Being a long-time devotee of all things Microsoft SQL Server, I had quite a bit of learning to do to get up to speed on our new Teradata appliance. This guide attempts to distill some of what I have learned. I will primarily focus on what I have found most lacking: examples of how to convert SQL Server T-SQL to Teradata SQL. This guide will use the vendor-supplied sample databases: SQL Server’s AdventureWorksDW2012, and the Teradata’s Express 14.0 Retail database.
Also, while this is probably self explanatory, the “mufford” object referenced in the Teradata examples is simply my own personal sandbox. You’ll need to replace any “mufford” reference to whatever your development sandbox may be named.
Release History:
- 2012-08-17 – Added UPDATE examples; reformatted
- 2012-08-12 – Added date examples
- 2012-08-08 – Initial Release
SELECT Statements
Simple SELECT
SQL Server:
Best practice is to qualify the table schema; qualifying the database is optional unless you plan to perform cross-database queries.

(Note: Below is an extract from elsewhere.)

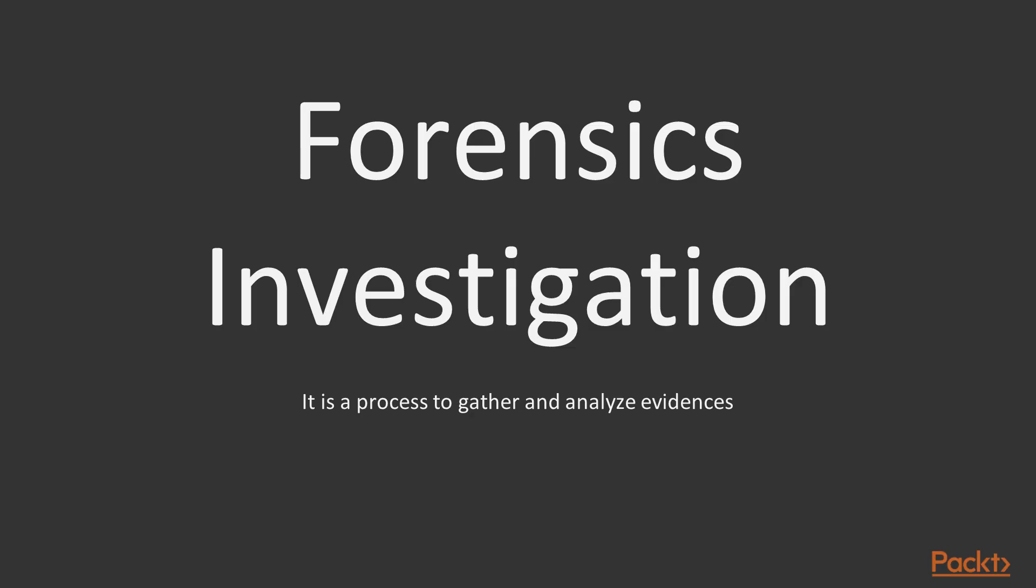So if we talk about what is Forensics investigation, then in the first point you can see that it is a process to gather and analyze evidences. So it can be a physical evidence. If you are a Forensics examiner and want to gather information from a computer, then we can use Forensics investigation process to gather information from a system.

USE AdventureWorksDW2012; GO SELECT TOP 10 ProductKey , EnglishProductName FROM dbo.DimProduct; -- OR SELECT TOP 10 ProductKey , EnglishProductName FROM AdventureWorksDW2012.dbo.DimProduct; |
Teradata:
Teradata does not support the concept of schemas, so you would select directly from a database and table.
SELECT TOP 10 P_PartKey , P_Name FROM retail.Product; |
UPDATE Statements
Update From a Subquery
SQL Server:
To help demonstrate a more complex UPDATE, I am going to create a temporary table, insert into the temporary table, and then update that same table. Please don’t get caught up in the data so much as the overall syntax.
CREATE TABLE #UpdateTest_firstOrder ( ProductKey INT , FirstOrderNumber NVARCHAR(20) NULL ); INSERT INTO #UpdateTest_firstOrder(ProductKey) SELECT DISTINCT ProductKey FROM dbo.DimProduct; UPDATE ufo SET FirstOrderNumber = COALESCE(x.FirstOrderNumber, '-1') FROM #UpdateTest_firstOrder ufo JOIN ( SELECT ProductKey , MIN(SalesOrderNumber) AS FirstOrderNumber FROM dbo.FactInternetSales GROUP BY ProductKey ) AS x ON ufo.ProductKey = x.ProductKey; |
Teradata:
We’re going to do the same thing in Teradata: create a temporary (volatile) table, populate it, then perform an update. However, there are 2 different ways to write the UPDATE statement. Both are shown here.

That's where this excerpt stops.